NASA's Curiosity rover has stolen much of the spotlight on Mars lately with its discoveries of once-watery environments and strange, door-handle shaped rocks. But this week, NASA's older rover Opportunity drove into the history books, becoming the furthest NASA object to travel on the surface of another body in the solar system. Opportunity's total 22.22 miles driven on Mars since landing there January 2004 is still short of the all-time record for interplanetary driving, the 23 miles that the Soviet Union's Lunokhod 2 rover drove over the surface of the Moon in 1973. But Opportunity's long journey beats NASA's previous record, the 22.21 miles that NASA astronauts traveled in the Apollo 17 lunar rover in 1972.
NASA interplanetary driving chart (Credit: NASA/JPL-Caltech).

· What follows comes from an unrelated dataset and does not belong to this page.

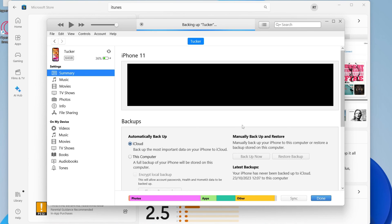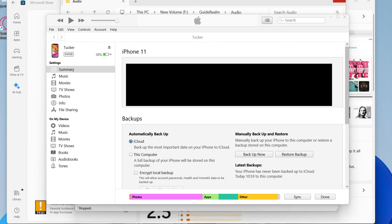Once it's finished backing up, at a later date you can always come back here — maybe with another phone or the same phone — and restore to that backup when you want. You'll know when the backup is finished because at the top of iTunes you'll just see the Apple logo.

To commemorate the occasion, NASA released an interplanetary drive distances chart this week, seen above. Opportunity is still going strong after almost ten years of operations on the Red Planet, 36 times longer than its original mission lifetime, despite getting suck several times and accumulating massive quantities of dust on its solar panels. In fact, Opportunity is likely to break the old Soviet lunar record for furthest drive off Earth later this year, as NASA already has another trip planned for the rover, 1.4 miles away from its present location in a Martian crater. That journey is likely to take some time though — as the rover, like all of its fellow interplanetary robotic siblings, travels fairly slowly. Scientists are hopeful Opportunity can make it all the way there by February 2014, before Martian winter sets in. And you thought your family road trips were arduous.